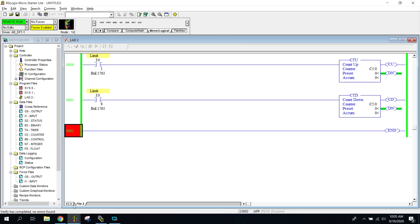Welcome to the compare instruction video. In this video, I'm going to explain how to use all the compare instructions.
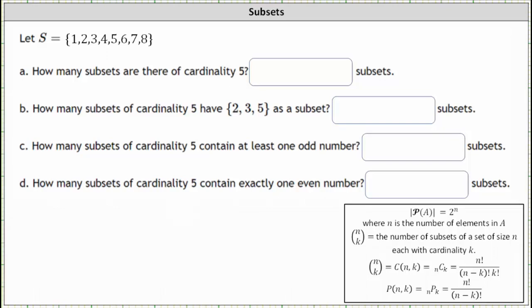Part A: how many subsets are there of cardinality five? The number of subsets of a set of size N, each with cardinality K, is equal to N choose K. Which means in our case, because we're looking for the number of subsets with cardinality five of set S, where set S has eight elements, the number of subsets is eight choose five.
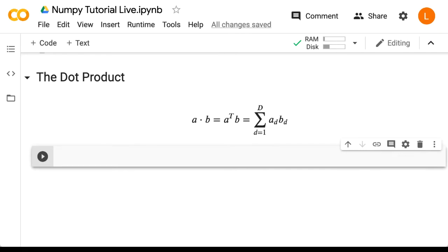In this lecture, we are going to discuss how to do the dot product or the inner product in NumPy. To start, let's create some one dimensional arrays so we have some data to work with.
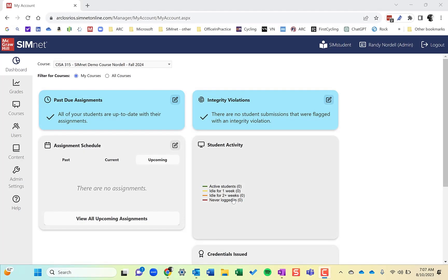Hi, this is Randy Nordell and welcome to Episode 7 of the SimNet Instructor Tutorial videos. This one is going to be on the Organizer and SimStudent.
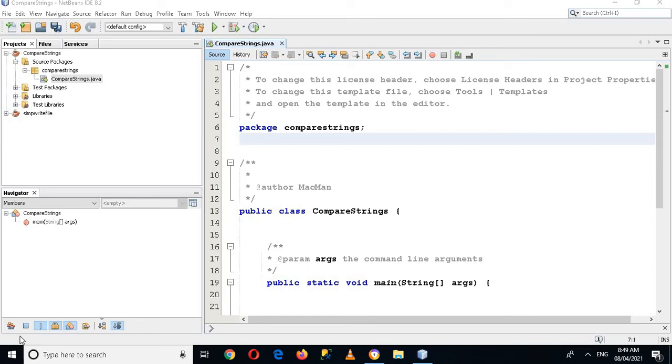Bismillahirrahmanirrahim, hello guys, welcome to my channel. Today in this video tutorial we are going to learn about Java utilities, so let's start.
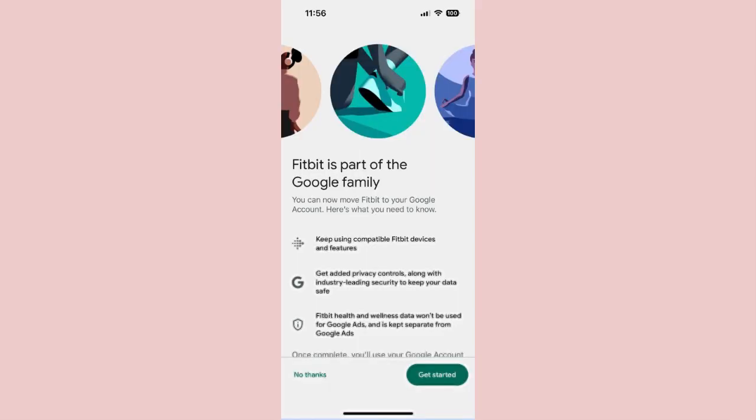Step 3: Next, you'll see a splash screen extolling the virtues of moving things to a Google account. Press Get Started.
####################
▸ WORK TO BE COMPLETED:
What is needed is the whole listing again, exactly as written, with the images left out.

▸ OUTPUT OF THE TASK:
Welcome to the compare instruction video. In this video, I'm going to explain how to use all the compare instructions.
Part A: how many subsets are there of cardinality five? The number of subsets of a set of size N, each with cardinality K, is equal to N choose K. Which means in our case, because we're looking for the number of subsets with cardinality five of set S, where set S has eight elements, the number of subsets is eight choose five.
In this lecture, we are going to discuss how to do the dot product or the inner product in NumPy. To start, let's create some one dimensional arrays so we have some data to work with.
Hi, this is Randy Nordell and welcome to Episode 7 of the SimNet Instructor Tutorial videos. This one is going to be on the Organizer and SimStudent.
Bismillahirrahmanirrahim, hello guys, welcome to my channel. Today in this video tutorial we are going to learn about Java utilities, so let's start.
Step 3: Next, you'll see a splash screen extolling the virtues of moving things to a Google account. Press Get Started.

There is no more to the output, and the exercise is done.